KARAR TARİHİ : 30/11/2021
GEREKÇELİ KARARIN
YAZILDIĞI TARİH : …

Adana 2. Asliye Ticaret Mahkemesi’nin … tarih ve … Esas, … Karar sayılı kararına yönelik olarak istinaf kanun yoluna başvurulmuş olmakla Dairemize gönderilen dosyanın yapılan incelemesinde;
GEREĞİ DÜŞÜNÜLDÜ:
TARAFLARIN İDDİA VE SAVUNMALARININ ÖZETİ:
DAVA: Davacı vekili dava dilekçesinde özetle; Müvekkilinin …’de T. Cemal Beriker Bulvarı Hacı Sabancı Kız Öğrenci Yurdu ön tarafında müvekkillerine ait olan ve müvekkillerinin üzerinde bulunduğu ve davacı …’in sürücü davacı …’in de yolcu olduğu … plakalı motor ile seyir halindeyken davalı … yönetimindeki … plakalı ve davalı … Sigorta şirketince sigortalı aracın çarpması sonucunda müvekkillerinin yaralandığını, kazanın oluşumunda davalıların sorumlu olduklarını, müvekkillerinin uzun süre … Hastanesi ve … Devlet Hastanesinde tedavi gördüklerini ve kalıcı maluliyete maruz kaldıklarını, bakıcı gideri için de harcama yapmak zorunda kaldıklarını, meydana gelen olay nedeni ile davalı … hakkında Adana 15. Asliye Ceza Mahkemesinin … E. … sayılı kararı ile ceza hükmü tesis edildiğini, kaza nedeniyle müvekkillerinin acı, elem, ızdırap duyduklarını, hayat düzenlerinin alt üst olduklarını beyanla davanın kabulüne karar verilmesini talep ve dava etmiştir.

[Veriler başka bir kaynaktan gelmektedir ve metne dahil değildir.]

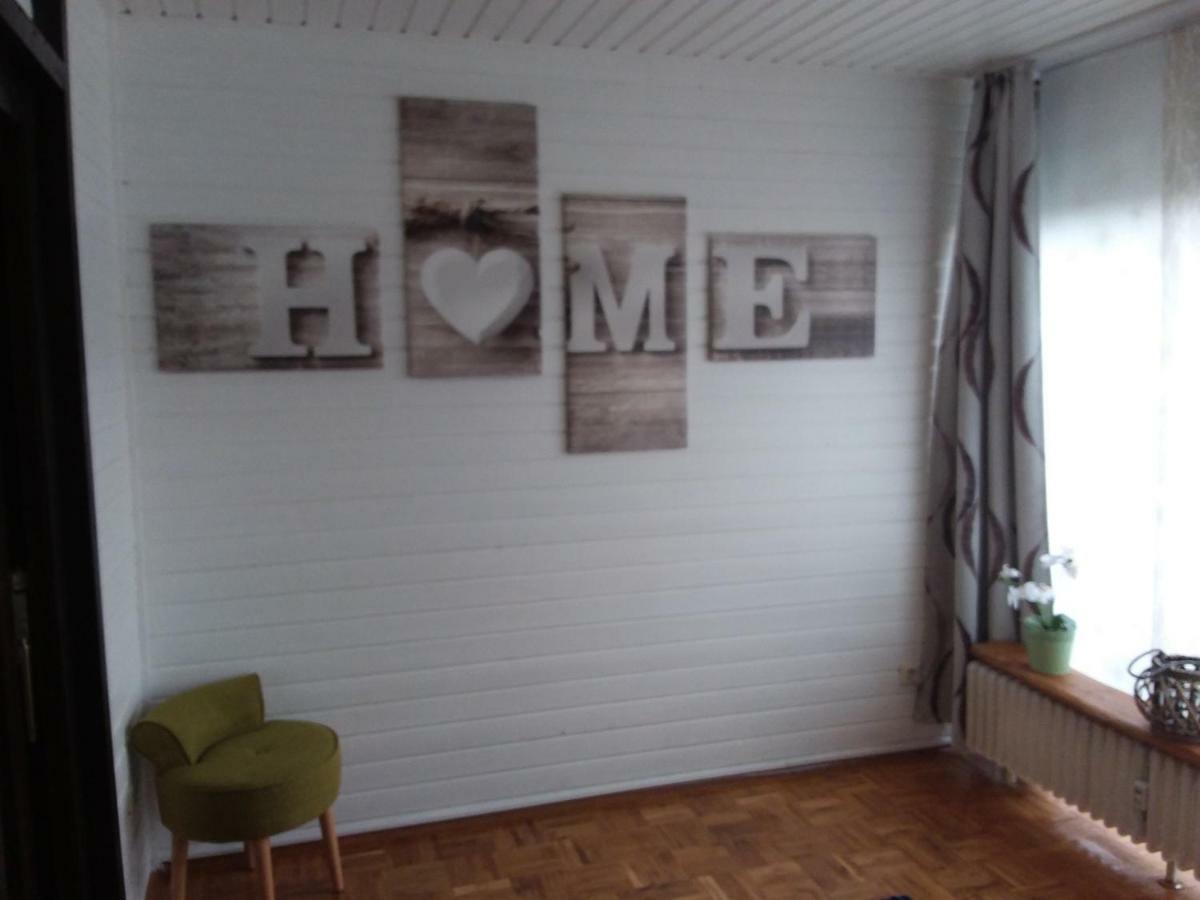 Tomte Langelsheim Exterior foto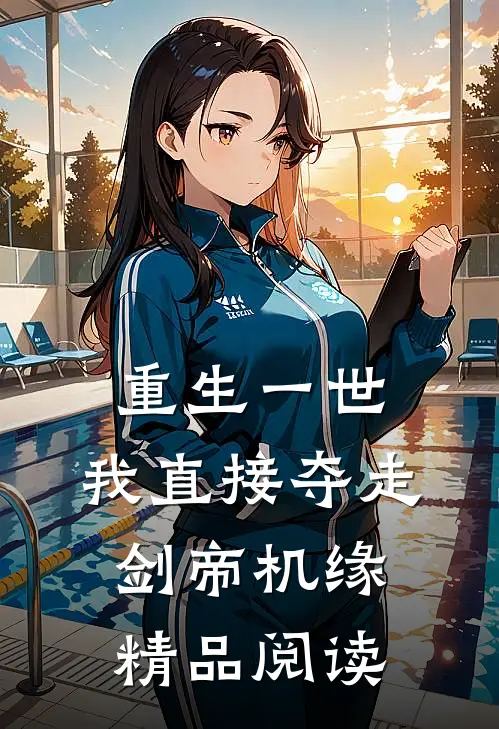 重生一世，我直接夺走剑帝机缘精品阅读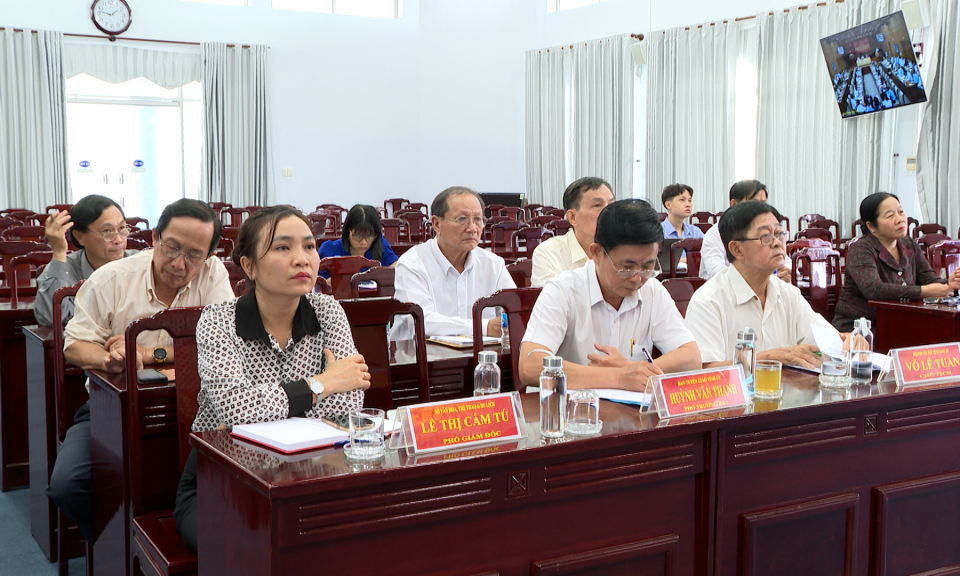 Phát huy vai trò gia đình, dòng họ trong thời kỳ đổi mới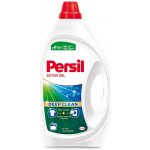 Persil Deep Clean Regular univerzální prací gel 0,86 l 19 PD – Zbozi.Blesk.cz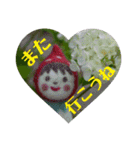 hanachanスタンプ 2（個別スタンプ：9）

İLK DERECE MAHKEMESİ KARARI: Mahkemece, davanın dava şartı yokluğundan usulden reddine karar verilmiştir.
İSTİNAF NEDENLERİ: Karara karşı davacı vekili; Dosyanın … tarihli duruşmasının 1 nolu ara kararının HMK ve yerleşik Yargıtay kararları uyarınca usule yasaya aykırı olduğunu, talep edilen paranın gider avansı mı yoksa delil ikamesi avansı mı olduğu, ne için, hangi iş ve işlemler için harcanılacağının ilgili ara kararda açık ve net bir şekilde açıklanması gerektiğini, talep edilen paranın nereye yatırılacağı, verilen kesin süre içerisinde talep edilen paranın yatırılmaması durumunda mahkemece nasıl bir işlem yapılacağı ya da nasıl bir karar verileceğinin, ara kararda belirtilmesinin gerektiğini, miktarın ne kadarının bilirkişi ücreti yani delil avansı olduğunu, ne kadarının tebligatlarda kullanılmak üzere gider avansı olduğunun ve bunların nereye yatırılması gerektiğinin şüpheye mahal vermeyecek şekilde belirtilmediğini, yatırılmamasının sonuçları ayrı ayrı açıkça açıklanarak ihtar edilmediğini, ayrıca davanın her iki müvekkil içinde maddi ve manevi tazminat talepli olarak açılmış olup dosyada kusura ve tarafların maluliyetine ilişkin raporlar alınmış olup dosyanın manevi tazminat yönünden karar verilebilecek halde olduğunu, her iki müvekkili için dava dilekçesinde açıkça talep edilmiş olmasına rağmen gerekçeli kararda manevi tazminat taleplerine ilişkin açıklama yapılmadığını belirterek kararın kaldırılmasını ve manevi tazminat talepleri hakkında usul ekonomisi gereği istinaf mahkemesi gereğince karara bağlanmasını talep etmiştir.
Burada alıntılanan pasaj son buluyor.